What you should do. Transcribe the data that follows without changing a word, and omit the pictures.

Data excerpt.
=== Section Start ===

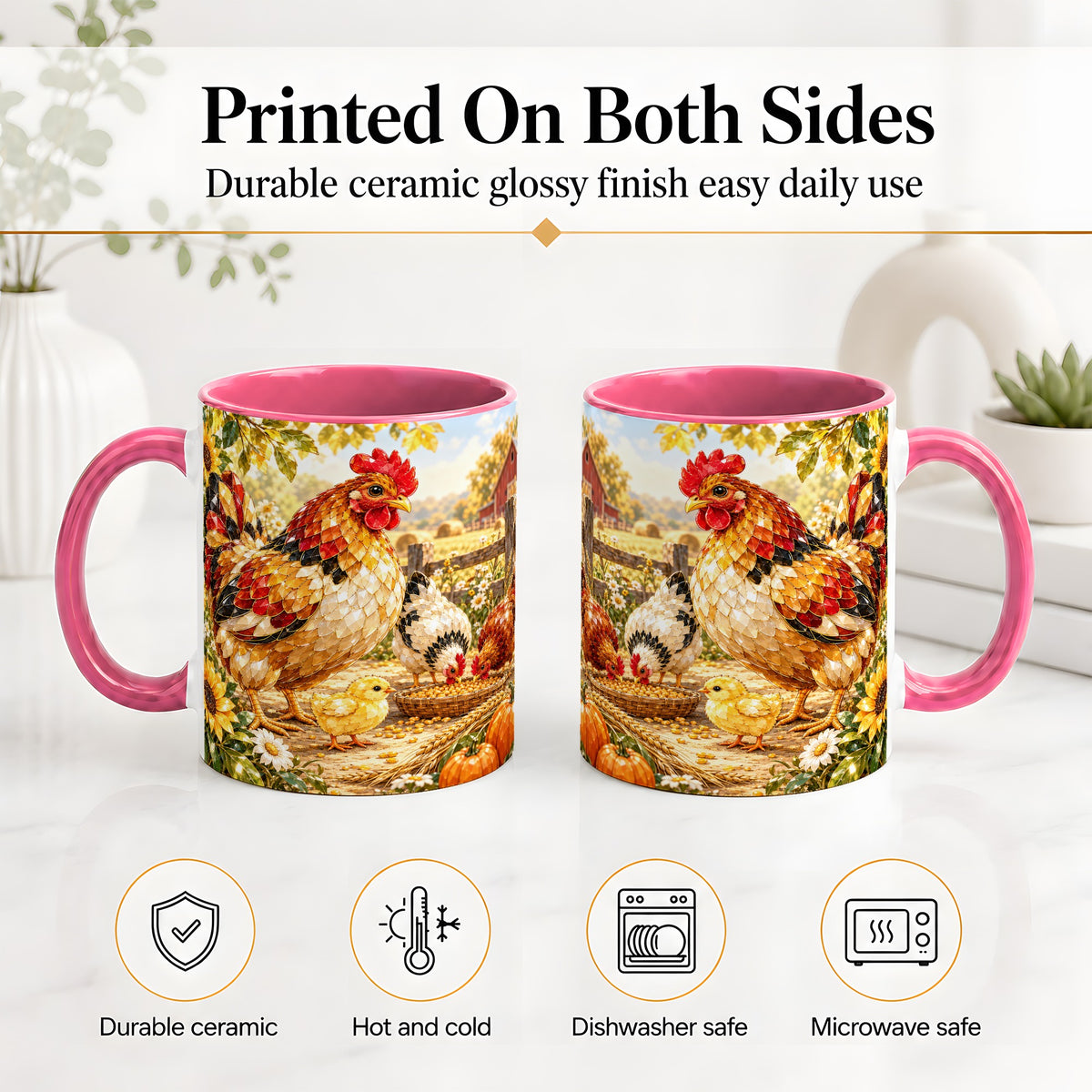 #pl[11oz|Pink] Autumn Chicken Farm Ceramic Mug, Sunflower Harvest Artwork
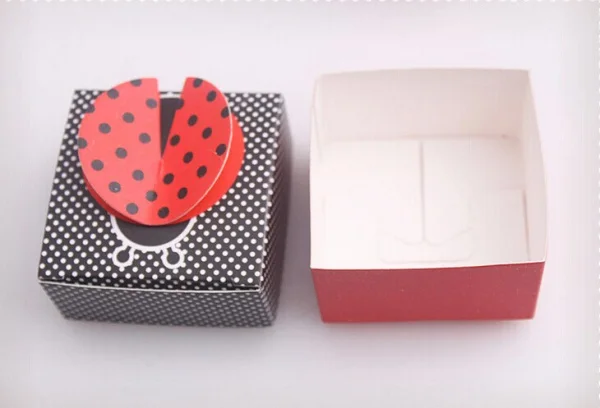 80 шт./лот детский душ милый как баг 3 D Божья коровка Baby Shower сувениры коробки для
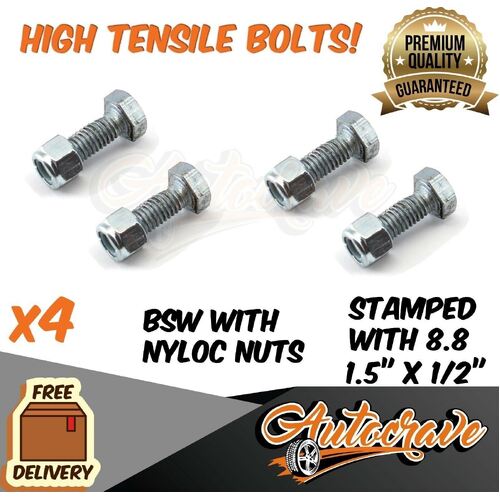 4 x Hex Bolt 8.8 High Tensile Coupling Bolt Nyloc Nut 1.5" x 1/2" Trailer Zinc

=== Section End ===

Expected answer.
 #pl[11oz|Pink] Autumn Chicken Farm Ceramic Mug, Sunflower Harvest Artwork
 80 шт./лот детский душ милый как баг 3 D Божья коровка Baby Shower сувениры коробки для
 4 x Hex Bolt 8.8 High Tensile Coupling Bolt Nyloc Nut 1.5" x 1/2" Trailer Zinc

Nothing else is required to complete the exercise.